In general, there is some unexplained structure to the pattern of error. Roughly the GPU/texture is accurate within 0.5%.
Q: How accurate is the input of the magnetic field strength.
To do: Ask G4/CMS collaboration what is accurate enough.
Update on extending the embedded RK GPU implementation (Soon)¶
Soon: I am starting from the transportation get_physical_interaction_length and trying to go all the way down stream. There are 2 big parts: magnetic field part which can be implemented onto the GPU because we have a field map that does not rely on geometry ; the other part is the navigator that needs to calculate the length from the current position to the next interaction location. If we fix the interaction length, there is still a couple of tricky places. Without the interaction locator, I think we can implement everything we need. I am nearly done but still need to do a lot of testing. I should testing starting early next week.

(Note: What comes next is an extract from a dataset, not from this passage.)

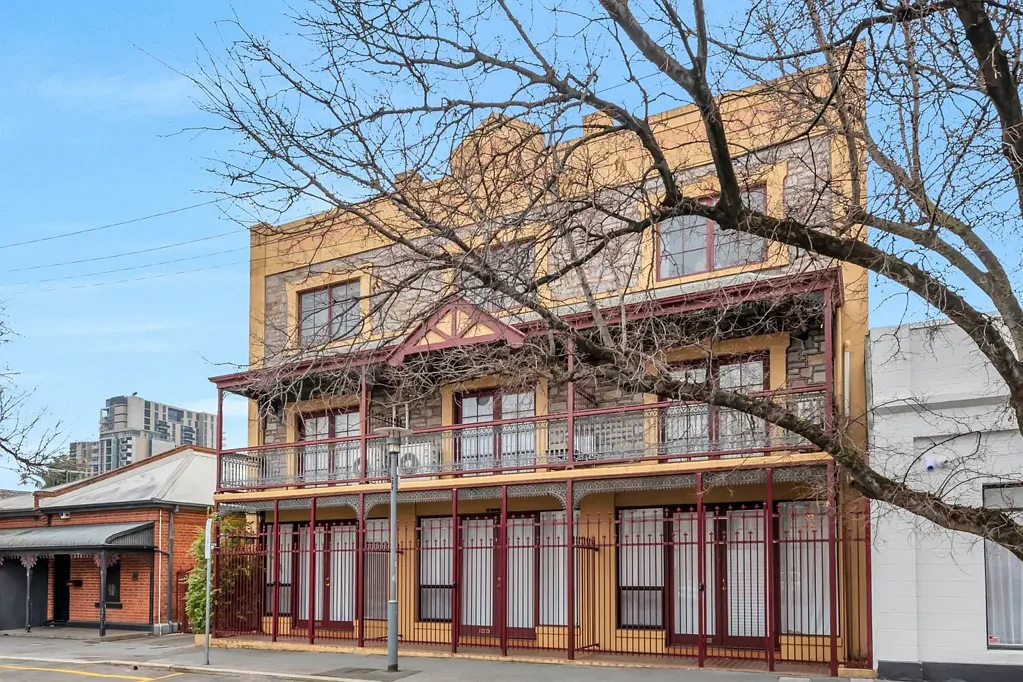 Adelaide 13침실 Fully Refurbished Residential Complex in the Heart of Adelaide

Update on performance characteristic of GPU version of magnetic field interpolation (Philippe)¶
Performance of the interpolation code on GPU is strongly influenced by the performance of the memory looking within the GPU. In particular by the leveraging of one memory fetch (a cache line of 128bit) across multiple threads that are part of a warp.
The task (getting the field of for 64512) takes 10.8ms on the CPU and can take as little as 0.210ms on GPU (exclusive of memory upload and download of the data) and 3.349ms inclusive of data upload and download.
In pure calculation: CPU is 4.8 times faster in total 'core' time used. (exclusive of memory upload and download)
In optimal memory access: CPU is 8.7 times faster in total 'core' time used. (exclusive of memory upload and download)
In worse memory access: CPU is 25.1 times faster in total 'core' time used. (exclusive of memory upload and download)
In pure calculation GPU is 93 times faster in real time with 448 cores fully used. (exclusive of memory upload and download)
In optimal memory access GPU is 47.8 times faster in real time with 448 cores fully used (exclusive of memory upload and download)
Also texture extrapolation (used in the number above) is twice as fast as the explicit interpolation.